レンズな話 その2 ~ZEISS Planar T* 1.4/50 ZE~
2本めの50mm単焦点レンズはドイツの誇る老舗メーカーZEISSの『ZEISS Planar T* 1.4/50 ZE』です。
レンズ構成はシンプルなダブルガウスを基本とした6群7枚構成、電子接点・電磁絞りを備えていますがAFには対応しておらずMFでピントを合わせる必要があります。このレンズは開放~1段程度絞った時の絵とF5.6~8以上に絞った時の描写の差が面白いです。*1レンズスペックは以下の通りになります。

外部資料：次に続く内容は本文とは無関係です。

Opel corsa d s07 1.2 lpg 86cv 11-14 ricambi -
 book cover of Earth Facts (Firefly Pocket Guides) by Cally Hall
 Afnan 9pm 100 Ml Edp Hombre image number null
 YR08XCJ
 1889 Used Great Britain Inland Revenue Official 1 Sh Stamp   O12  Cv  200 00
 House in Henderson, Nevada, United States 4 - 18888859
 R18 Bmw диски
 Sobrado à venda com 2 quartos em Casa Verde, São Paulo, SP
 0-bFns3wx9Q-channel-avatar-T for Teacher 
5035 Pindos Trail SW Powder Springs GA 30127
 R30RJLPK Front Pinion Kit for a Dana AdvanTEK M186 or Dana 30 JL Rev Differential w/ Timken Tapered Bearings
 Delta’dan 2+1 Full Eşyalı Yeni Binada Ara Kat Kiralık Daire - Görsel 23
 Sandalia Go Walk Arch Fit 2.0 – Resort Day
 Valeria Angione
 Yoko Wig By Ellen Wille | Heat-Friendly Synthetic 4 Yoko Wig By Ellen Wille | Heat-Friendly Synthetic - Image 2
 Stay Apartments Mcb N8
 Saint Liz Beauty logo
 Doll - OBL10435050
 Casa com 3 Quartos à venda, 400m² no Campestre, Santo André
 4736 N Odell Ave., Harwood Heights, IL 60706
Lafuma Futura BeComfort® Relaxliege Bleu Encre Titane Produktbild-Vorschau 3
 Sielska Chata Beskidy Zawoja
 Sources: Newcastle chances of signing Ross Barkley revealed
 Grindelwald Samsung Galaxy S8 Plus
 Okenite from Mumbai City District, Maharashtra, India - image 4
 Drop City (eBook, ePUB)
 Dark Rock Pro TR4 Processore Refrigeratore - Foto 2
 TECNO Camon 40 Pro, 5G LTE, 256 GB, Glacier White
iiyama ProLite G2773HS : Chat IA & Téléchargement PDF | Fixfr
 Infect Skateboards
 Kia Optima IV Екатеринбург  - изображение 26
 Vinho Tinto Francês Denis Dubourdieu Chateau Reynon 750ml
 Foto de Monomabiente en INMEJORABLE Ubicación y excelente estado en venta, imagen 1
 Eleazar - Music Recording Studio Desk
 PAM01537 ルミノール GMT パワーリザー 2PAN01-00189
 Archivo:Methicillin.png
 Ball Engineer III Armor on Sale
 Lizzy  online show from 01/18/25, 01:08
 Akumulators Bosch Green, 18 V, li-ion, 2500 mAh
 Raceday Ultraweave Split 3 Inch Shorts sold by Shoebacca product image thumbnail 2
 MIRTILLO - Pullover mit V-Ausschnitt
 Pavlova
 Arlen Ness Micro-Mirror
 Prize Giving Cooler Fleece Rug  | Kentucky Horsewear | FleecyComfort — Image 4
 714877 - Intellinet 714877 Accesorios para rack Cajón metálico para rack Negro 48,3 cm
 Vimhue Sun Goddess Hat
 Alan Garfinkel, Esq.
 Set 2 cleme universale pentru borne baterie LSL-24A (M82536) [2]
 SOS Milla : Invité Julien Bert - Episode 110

ZEISSからは同じ焦点距離・開放F値を持つ『ZEISS Millvus 1.4/50』が発売されていますが、私のような一般市民にとても手の出せるような代物ではないのです。
では、順次作例めいたものを上げていきます。
Canon EOS 5D Mark IV 50mm f/8 1/40 ISO100
はい、EF 50mm F1.8Ⅱと同じく京都の毘沙門堂門跡レッドカーペットです。MFは慣れていないのでフォーカスエイド機能*2に頼って撮影していますがF8まで絞ればある程度ピントのズレは誤魔化せますよね?(10m先に合わせれば前方4.9m後方213mまでは被写界深度内)
Canon EOS 5D Mark IV 50mm f/1.6 1/160 ISO100
Canon EOS 5D Mark IV 50mm f/1.6 1/5000 ISO100
続いては開放から1/3段絞った2枚です。1枚目の石燈籠フォーカスから背景へボケていくのも、2枚目の画面奥の桜にフォーカス置いて手前にボケていくのも非常になだらかで煩くありません。このレンズは上手くいくと(?)非点収差によるぐるぐるボケが現れるそうなのですがどうでしょう?2枚目の左下辺りが若干回転しているでしょうか?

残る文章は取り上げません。